Çocukça ve olabildiğince saflığımla diyorum ki:
“Bu dünyada kardeşçe yaşamak varken…
Dünya hepimize yetecek kadarken…
Savaş denilen ölüm oyunla, masum insanlar ölmesinler?” diyorum.
*
Sakın ola ki “Kurunun yanında yaş da yanıyor” denilmesin.
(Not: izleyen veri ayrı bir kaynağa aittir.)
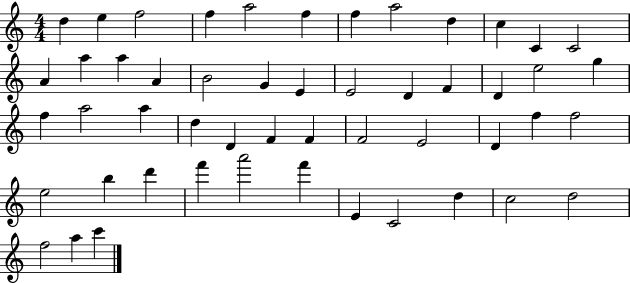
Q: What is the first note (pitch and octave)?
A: D5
Kuruyu yakan da yanması için yaşı kurunun yanına koyan da aynı insan.
*
Olan hep masum vatandaşa oluyor!..
Bedel ödüyor!..
Acı çekiyor!..
Yetim, öksüz, kardeşsiz, evsiz, kalıyor!..
*
Kendi dünyasında dahi iyi…
Daha mutlu, daha huzurlu ve hayalleri olan…
Pes etmeyen…
Seven…
Âşık olan…
Hüzünlenen…
Ağlayan…
Oyunlar oynayan…
Şarkılar söyleyen…
Karşı tarafın acısını, acısı bilen…
Haline şükreden veya aç oluşuna isyan eden insana oluyor, savaşın olduğu yerde, her ne oluyorsa!..
*
Şu ya da bu nedenle, bahaneleri ne olursa olsun masum insanları öldürenler; “Kazdıkları kuyuya kendileri düşsünler” diyebiliyorum ancak.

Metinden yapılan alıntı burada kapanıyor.